Your copy should begin with the line containing "Images | The ...", end with the line containing "Siena Canvas Tote Bag In Cognac", match the listing below exactly, and contain no pictures.

- **Data under study**
=-=-=

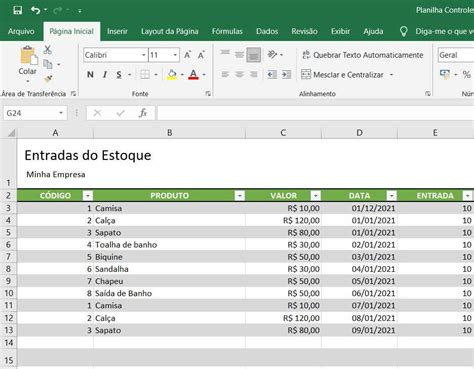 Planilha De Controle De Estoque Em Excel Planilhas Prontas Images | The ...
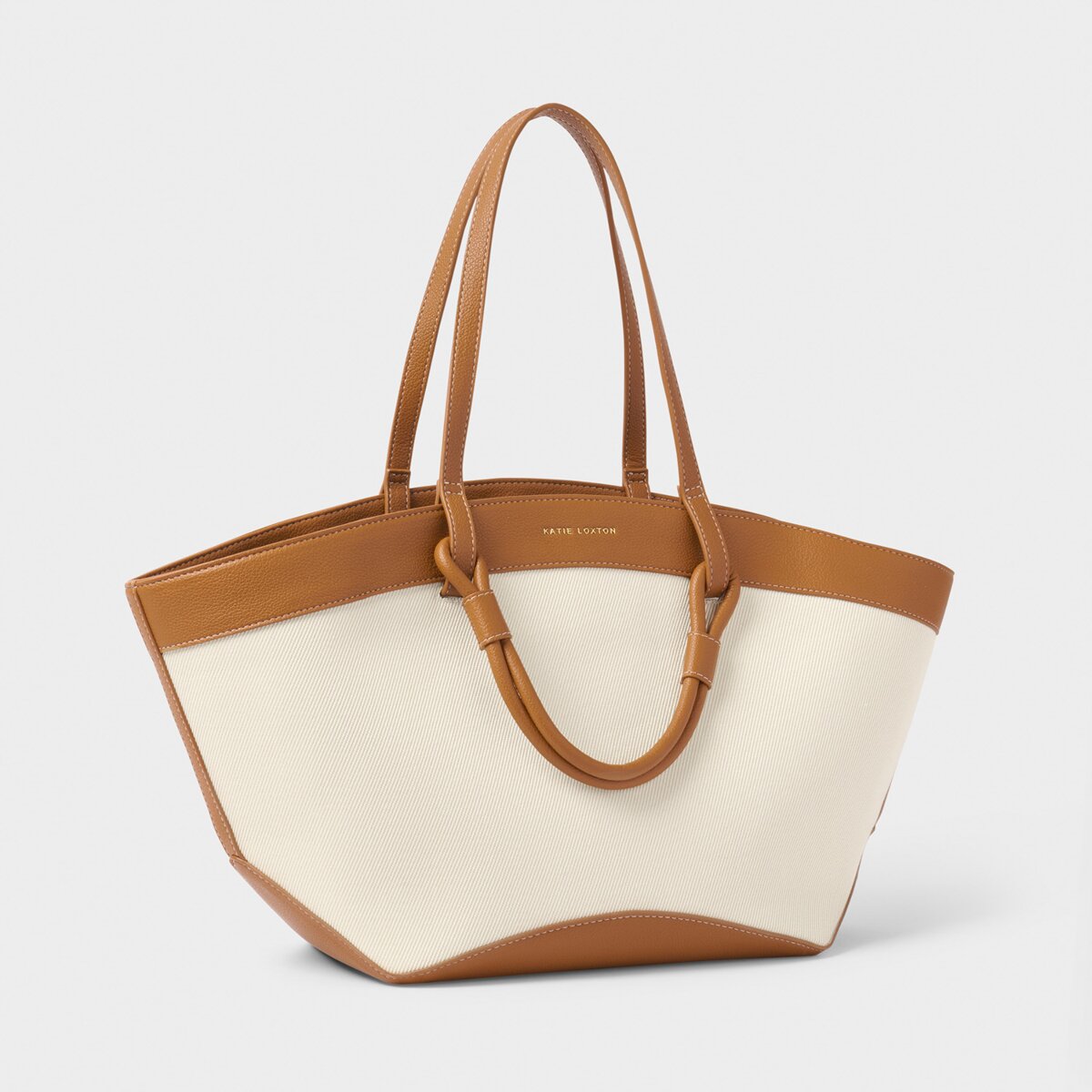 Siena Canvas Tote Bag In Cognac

=-=-=

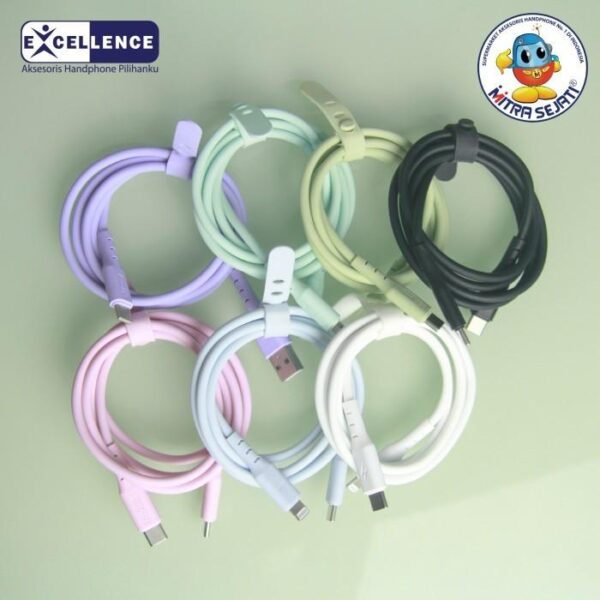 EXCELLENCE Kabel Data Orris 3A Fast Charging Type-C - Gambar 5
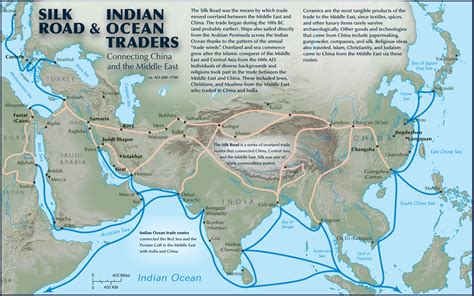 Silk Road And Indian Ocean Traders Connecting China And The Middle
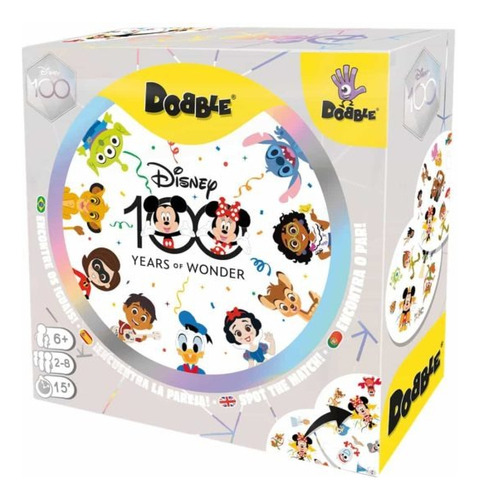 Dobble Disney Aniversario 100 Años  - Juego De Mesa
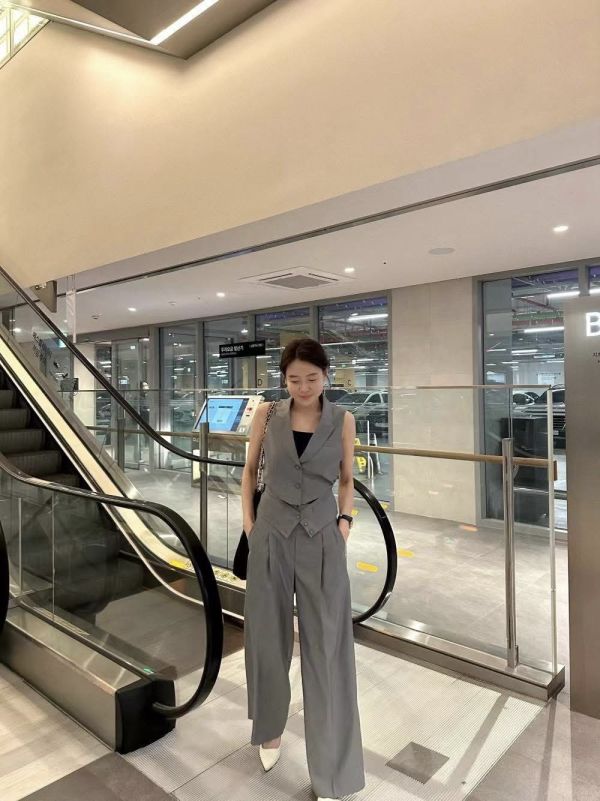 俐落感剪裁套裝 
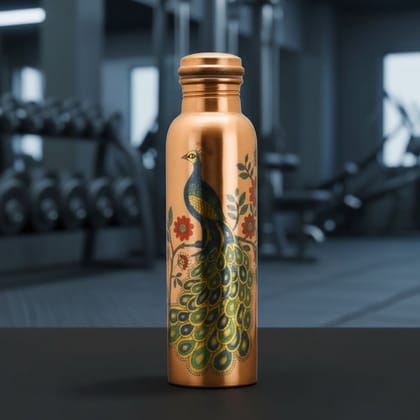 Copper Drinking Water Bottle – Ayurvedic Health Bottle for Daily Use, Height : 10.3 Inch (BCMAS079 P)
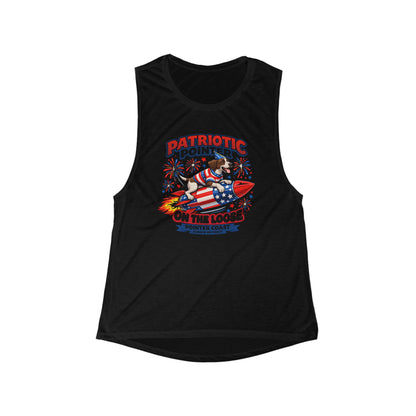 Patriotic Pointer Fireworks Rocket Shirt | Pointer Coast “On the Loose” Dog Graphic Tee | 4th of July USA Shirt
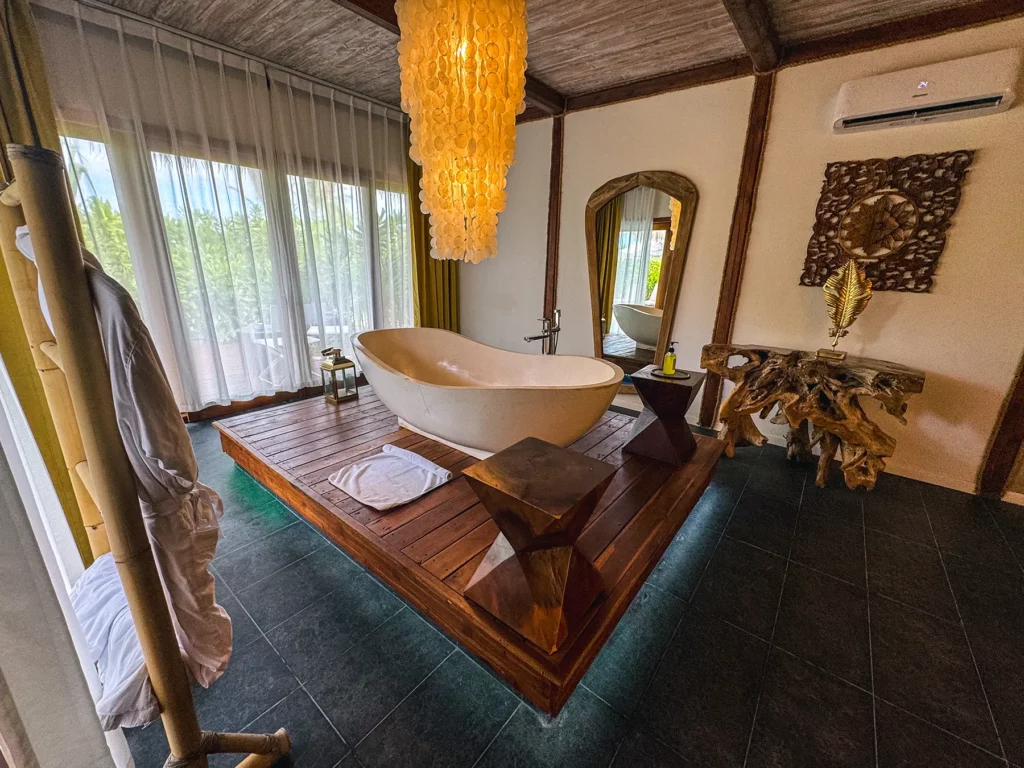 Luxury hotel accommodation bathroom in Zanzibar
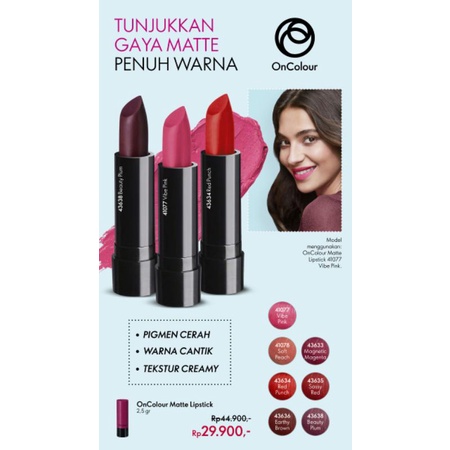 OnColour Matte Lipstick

=-=-=

- **Answer box**
 Planilha De Controle De Estoque Em Excel Planilhas Prontas Images | The ...
 Siena Canvas Tote Bag In Cognac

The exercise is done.